Karla Bonoff takes songwriting chops to Regent tour stop

If you were part of the mythic ‘70s singer-songwriter circuit in Southern California, you probably didn’t realize there was anything mythic going on. “We were all really young, just living in the moment,” recalls songwriter Karla Bonoff. “People were drawn to Los Angeles because the recording studios were there, and there were so many clubs to play in. So even though I was born and raised there, I got caught up in that. But we didn’t have the ability to float up above it and see what it wound up becoming.”

Bonoff was a key part of that circuit, living a few blocks away from the famed Troubadour club. Initially part of the short-lived group Bryndle, she made her solo debut in 1977, and a few of its tracks became signature songs for Bonnie Raitt (“Home”) and Linda Ronstadt (“Someone to Lay Down Beside Me”). Still going strong, she hits the Regent Theater in Arlington tonight.

“I listen to my first album and it sounds like a little girl singing,” she says. “I felt I wasn’t part of the first generation of singer-songwriters — I was younger than Joni Mitchell, Laura Nyro and Carole King, so those were my main influences whereas they were drawing from a wider net — Joni with traditional folk songs, Laura with jazz and Broadway musicals. So my influences were already songwriters, and it’s funny how it all comes back around. I hear young girls today who were influenced by Shawn Colvin.” And probably by herself as well. “Maybe, but that’s harder for me to recognize.
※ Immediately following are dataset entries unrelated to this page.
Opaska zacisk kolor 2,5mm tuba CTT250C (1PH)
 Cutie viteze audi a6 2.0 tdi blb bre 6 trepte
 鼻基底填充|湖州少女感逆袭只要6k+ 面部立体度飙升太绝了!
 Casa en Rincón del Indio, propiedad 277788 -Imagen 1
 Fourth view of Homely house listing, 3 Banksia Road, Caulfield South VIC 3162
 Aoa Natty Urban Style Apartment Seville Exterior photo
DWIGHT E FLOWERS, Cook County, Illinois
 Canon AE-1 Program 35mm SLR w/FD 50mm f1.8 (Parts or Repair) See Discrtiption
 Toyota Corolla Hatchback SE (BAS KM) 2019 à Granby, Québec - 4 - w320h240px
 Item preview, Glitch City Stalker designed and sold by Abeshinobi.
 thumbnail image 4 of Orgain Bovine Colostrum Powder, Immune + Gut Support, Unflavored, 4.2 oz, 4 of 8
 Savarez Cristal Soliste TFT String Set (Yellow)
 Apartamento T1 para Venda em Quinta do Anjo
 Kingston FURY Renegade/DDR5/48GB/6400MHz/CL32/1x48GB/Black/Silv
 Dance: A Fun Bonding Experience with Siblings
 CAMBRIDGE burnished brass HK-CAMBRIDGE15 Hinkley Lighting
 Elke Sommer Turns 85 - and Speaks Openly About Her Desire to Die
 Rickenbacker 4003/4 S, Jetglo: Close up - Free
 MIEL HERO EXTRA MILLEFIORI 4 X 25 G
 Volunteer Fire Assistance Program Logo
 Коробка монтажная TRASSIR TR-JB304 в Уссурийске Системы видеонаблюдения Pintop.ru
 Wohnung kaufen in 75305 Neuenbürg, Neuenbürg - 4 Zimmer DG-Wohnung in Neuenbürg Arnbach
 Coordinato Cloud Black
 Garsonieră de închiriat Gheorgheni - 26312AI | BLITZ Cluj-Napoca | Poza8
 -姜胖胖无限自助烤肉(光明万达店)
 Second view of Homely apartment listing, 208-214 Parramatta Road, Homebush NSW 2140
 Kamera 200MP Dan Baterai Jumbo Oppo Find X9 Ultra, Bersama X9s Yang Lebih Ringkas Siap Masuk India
It’s like trying to hear your own accent.”

She became known for songs that sounded intensely personal, but they didn’t always start that way. “Sometimes they’re just written for movies— ‘All My Life’ was like that, and it’s one of my better ones. ‘Someone to Lay Down Beside Me’ was funny, I had the music for awhile and no lyrics for it. Then somehow I watched a TV show called ‘Owen Marshall, Attorney at Law’ (which ran from 1971-74) and processed that in my brain, and those lyrics came out of it. I think it was an episode about a prostitute. I happened to be around Linda and played some songs for her, and it was interesting that her version came out concurrent with mine.”

Like many songwriters she felt left out when musical fashions changed in the ‘80s. “That was a rough time. The English techno thing was happening, and radio didn’t want any part of singer-songwriters. It took me a number of years to get on my feet again, and I didn’t even make a record until 1988. But you look at peoples’ longevity, and the good stuff always recirculates back.”

These days she records less frequently; her only millennial studio albums were an acoustic set of old and new songs, and a Christmas album in 2020. “I have to admit that I don’t write that much anymore. I was never prolific and usually just wrote enough for each album — I never was one of those people who gets up in the middle of the night and works on a song.” But she still tours regularly, and will be doing some dates with old friend John David Souther when her solo tour wraps up. “I can look at the songs from a little more distance now. But you come to appreciate your own work over time, and I’m very grateful that I was given this gift. It’s allowed me to not have any other kind of job.”